[][src]Crate discrete

Combinatorial phantom types for discrete mathematics.

All discrete spaces have the following functions:

This example is not tested
fn count(dim) -> usize;
fn to_index(dim, pos) -> usize;
fn to_pos(dim, index, &mut pos);

A discrete space is countable and has a one-to-one map with the natural numbers.

For example, a pair of natural numbers is a discrete space. There exists an algorithm that converts each pair of numbers into a number. Likewise there exists an algorithm that takes a number and converts it into a pair.

To construct a pair, you write:

This example is not tested
let x: Pair<Data> = Construct::new();

The x above is a phantom variable, which means it does not use memory in the compiled program. The phantom variable represents the discrete space that we have constructed. Now we can call methods on the space to examine its discrete structure.

A pair can be visualized as edges between points. If we have 4 points then we can create 6 edges:

  o---o
  |\ /|
  | X |
  |/ \|
  o---o

To check this we can write:

This example is not tested
let dim = 4; // number of points
assert_eq!(x.count(dim), 6); // count edges

Phantom types makes it possible to construct advanced discrete spaces. By using a generic program, the algorithms to examine the structure follows from the construction of the space.

This makes it possible to solve tasks such as:

  • Compute upper bounds for many problems
  • Store data with a non-trivial structure
  • Convert from and to natural numbers
  • Iterate through all elements of a space
  • Pick a random object of the space

Iterating through all elements of a space can be done simply by counting from zero up to the size of the space. For each number, we convert to a position within the space.

Picking a random object of the space can be done by generating a random number between 0 and the size of the space.

Advanced spaces

Phantom types are used because they represent the general spaces. For example, we can represent a general two-dimensional space, instead of binding the type to the size.
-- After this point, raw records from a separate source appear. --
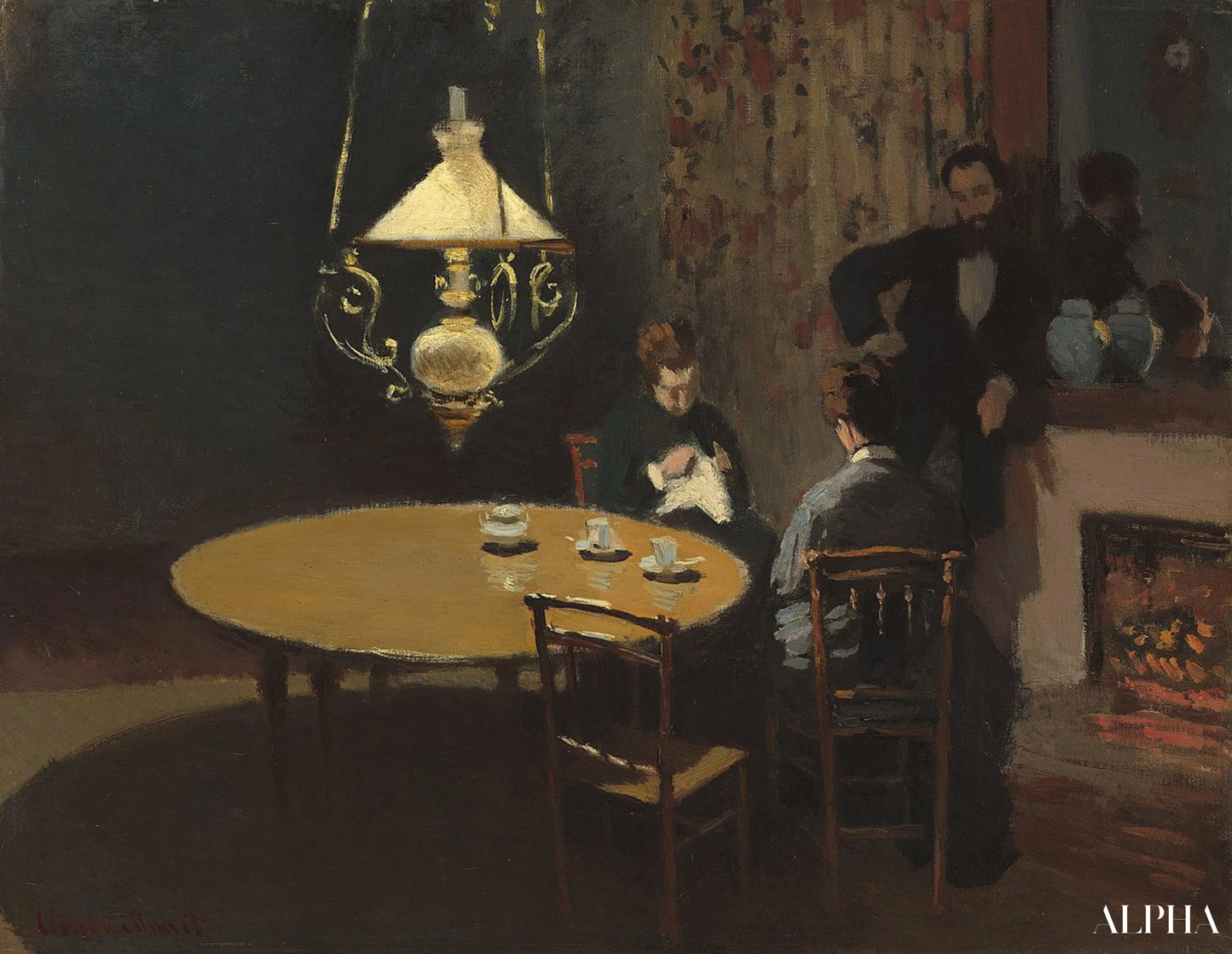 Intérieur, Après dîner - Claude Monet - Reproductions de tableaux et peintures haut de gamme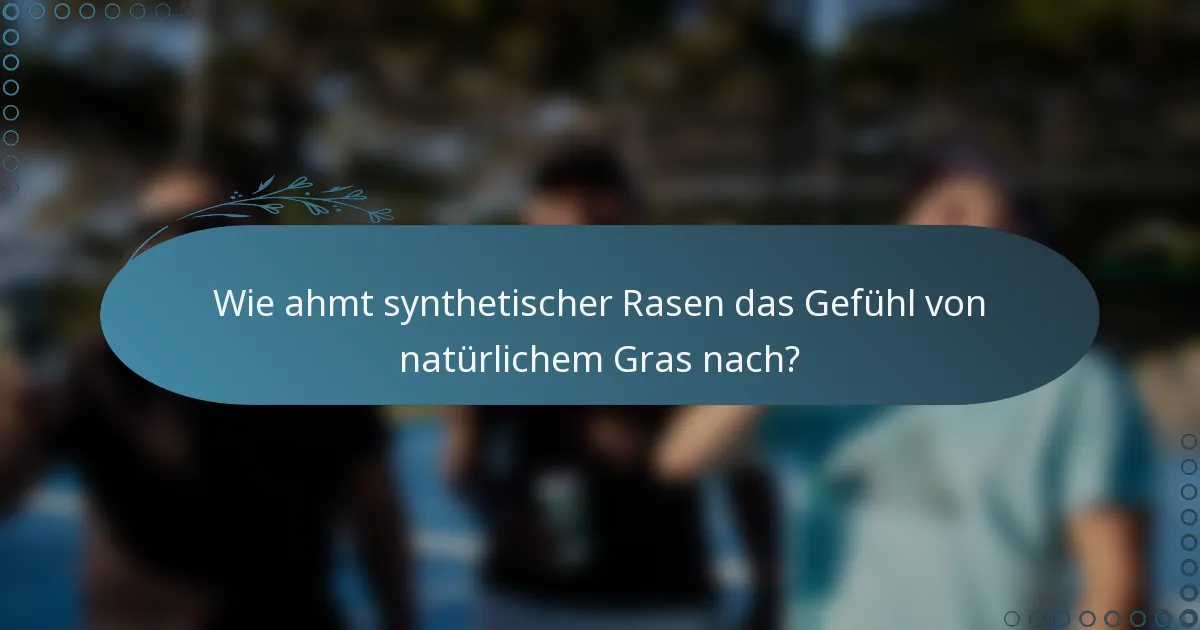 Wie ahmt synthetischer Rasen das Gefühl von natürlichem Gras nach?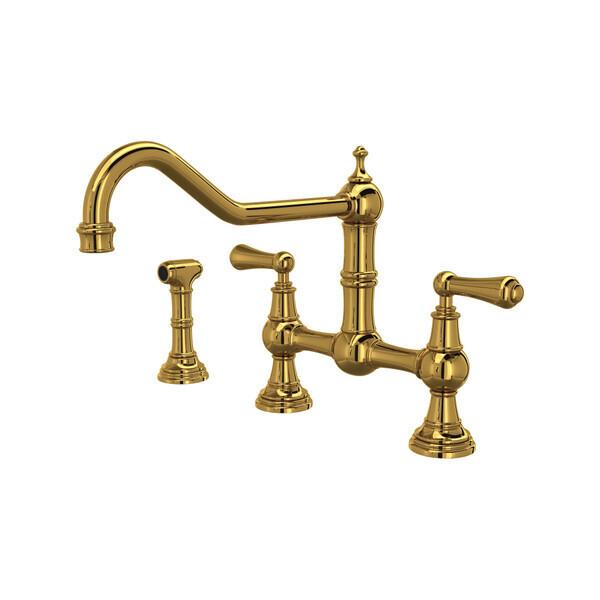 Edwardian™ Extended Spout Bridge Kitchen Faucet With Side Spray Unlacquered Brass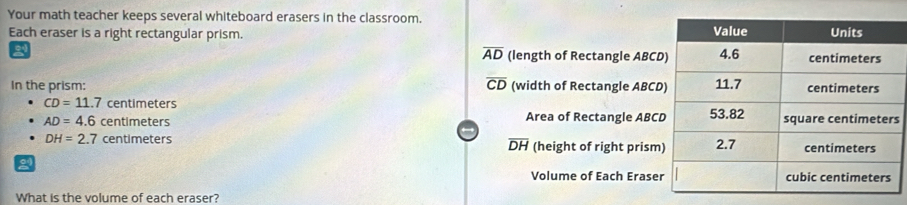 Your math teacher keeps several whiteboard erasers in the classroom.
Each eraser is a right rectangular prism.
overline AD (length of Rectangle ABCD
overline CD
In the prism: (width of Rectangle ABCD
CD=11.7 r entimeters Area of Rectangle ABC
AD=4.6 centimeters s
DH=2.7 centimeters
overline DH (height of right prism
21
Volume of Each Erase
What is the volume of each eraser?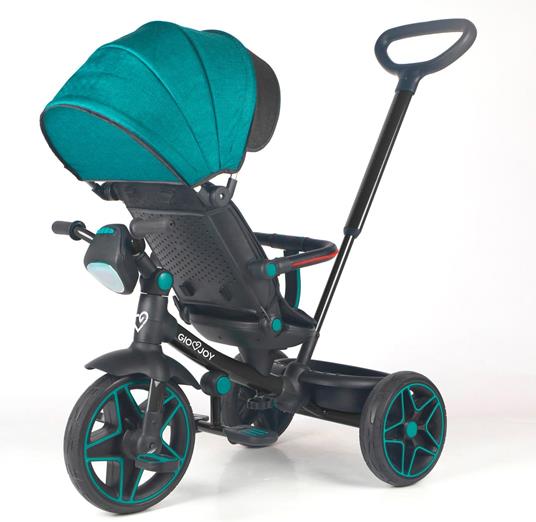 Triciclo Evolutivo 4-in-1 Moov-LX per Bambini dai 18 mesi, Telaio Nero, Rivestimenti Verde - 3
For any constructed space, there is a dimension and position type. The dimension and position types are compositions, given by the type of the constructed space.

Structs

Context

A discrete space that can model spatial operations over arbitrary states, therefore useful for context analysis.

Data

Used by the final subspace.

Dimension

Dimension is natural number, position is the same as index.

DimensionN

Dimension is a list of numbers, position is a list of numbers.

DirectedContext

Same as Context, but for directed edges.

Either

Selects between two spaces.

EqPair

Dimension is natural number, position is (min, max).

Homotopy

A discrete space that models undirected homotopy paths at a specified homotopy level.

NeqPair

Dimension is natural number, position is (a, b). Represents all directional pairs that has not same element for a and b.

Of

Used to combine the dimensional and position types.

Pair

Dimension is natural number, position is (min, max).

Permutation

Dimension is natural number, position is a list of numbers.

PowerSet

Dimension is natural number, position is a list of numbers.

SqPair

A discrete space that models a full square of NxN pairs.

Enums

HPoint

Stores a higher order point for homotopy spaces.

Select

Selects between spaces.

Traits

Construct

Constructs a new space.

Count

Implemented by spaces that can count the number of objects.

ToIndex

Implemented by spaces that can convert position to index.

ToPos

Implemented for spaces which can convert an index to position type.

Zero

Used to construct an uninitialized element of a discrete space.